Form of Non-Qualified Stock Option Agreement – Non-Employee Directors

SEAHAWK DRILLING, INC.

2009 LONG-TERM INCENTIVE PLAN

NON-QUALIFIED STOCK OPTION AGREEMENT

This option agreement (“Option Agreement” or “Agreement”) executed between SEAHAWK DRILLING, INC. (the “Company”), and                          (the “Optionee”), a non-employee Director of the Company, regarding a right (the “Option”) awarded to the Optionee on                                  (the “Grant Date”) to purchase from the Company up to but not exceeding in the aggregate                      shares of Common Stock (as defined in the Seahawk Drilling, Inc. 2009 Long-Term Incentive Plan (the “Plan”)) at $    .     per share (the “Grant Price”), such number of shares and such price per share being subject to adjustment as provided in the Plan, and further subject to the following terms and conditions:

 

 

1.

Relationship to Plan.

This Option is subject to all of the terms, conditions and provisions of the Plan and administrative interpretations thereunder, if any, which have been adopted by the Committee and are in effect on the date hereof. Except as defined herein, capitalized terms shall have the same meanings ascribed to them under the Plan. For purposes of this Option Agreement:

(a) “Disability” has the meaning set forth in Section 1.409A-3(i)(4)(A) of the Treasury Regulations and shall be determined by the Committee in its sole discretion.

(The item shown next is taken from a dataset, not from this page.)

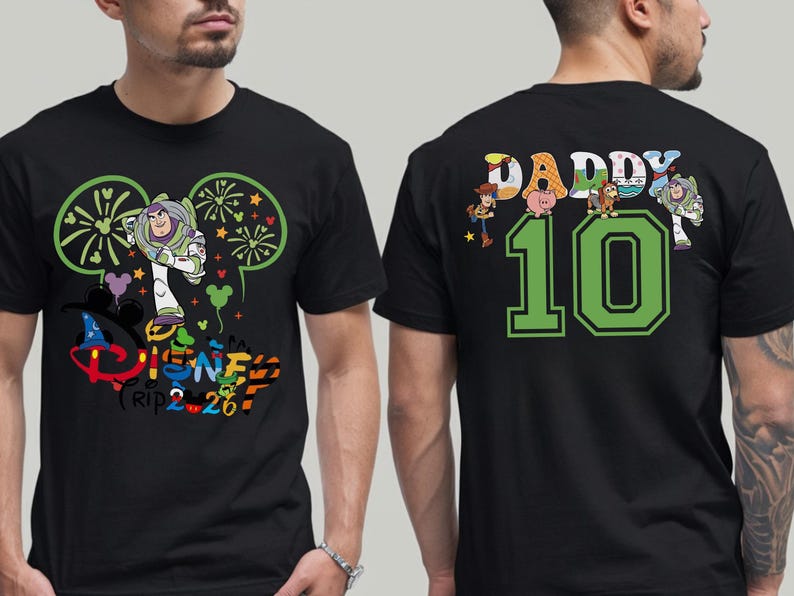 May include: Black t-shirt with a Disney design. The front shows Buzz Lightyear and the text "Disney Trip 2.26". The back has "DADDY 10" with Toy Story characters. A colourful tee, perfect for a Disney enthusiast.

(b) “Exchange Act” means the Securities Exchange Act of 1934, as amended.

(c) “Option Shares” means the shares of Common Stock covered by this Option Agreement.

 

 

2.

Exercise Schedule.

This Option may be exercised in full on the Grant Date and may be exercised in whole or in part (at any time or from time to time) until expiration of the Option pursuant to the terms of this Agreement or the Plan.

 

 

3.

Termination of Option

The Option hereby granted shall terminate and be of no force and effect with respect to any shares of Common Stock not previously purchased by the Optionee at the earliest time specified below:

(a) the tenth anniversary of the Grant Date;


(b) if Optionee resigns or is removed as a Director of the Company for serious misconduct (as determined by the Committee) at any time after the Grant Date, then the Option shall terminate immediately upon such termination of Optionee’s service as a Director;

(c) if Optionee resigns or is removed as a Director of the Company for any reason other than death or Disability or serious misconduct, then the Option shall terminate on the first business day following the expiration of the 60-day period which began on the date of termination of Optionee’s service as a Director; or

(d) if Optionee resigns or is removed as a Director of the Company due to (i) death at any time after the Grant Date and while serving as a Director of the Company or within 60 days after termination of such service or (ii) Disability at any time after the Grant Date, then the Option shall terminate on the first business day following the expiration of the one-year period which began on the date of Optionee’s death or Disability, as applicable.

 

 

4.

Exercise of Option

Subject to the limitations set forth herein and in the Plan, this Option may be exercised by written notice provided to the Company as set forth in Section 5. Such written notice shall (a) state the number of shares of Common Stock with respect to which the Option is being exercised and (b) be accompanied by cash or shares of Common Stock (not subject to limitations on transfer) or a combination of cash and Common Stock payable to Seahawk Drilling, Inc. in the full amount of the purchase price for any shares of Common Stock being acquired; provided, however, that any shares of Common Stock delivered in payment of the option price must be shares that the Optionee has owned for a period of at least six months prior to the date of exercise. For the purpose of determining the amount, if any, of the purchase price satisfied by payment in Common Stock, such Common Stock shall be valued at its Fair Market Value on the date of exercise.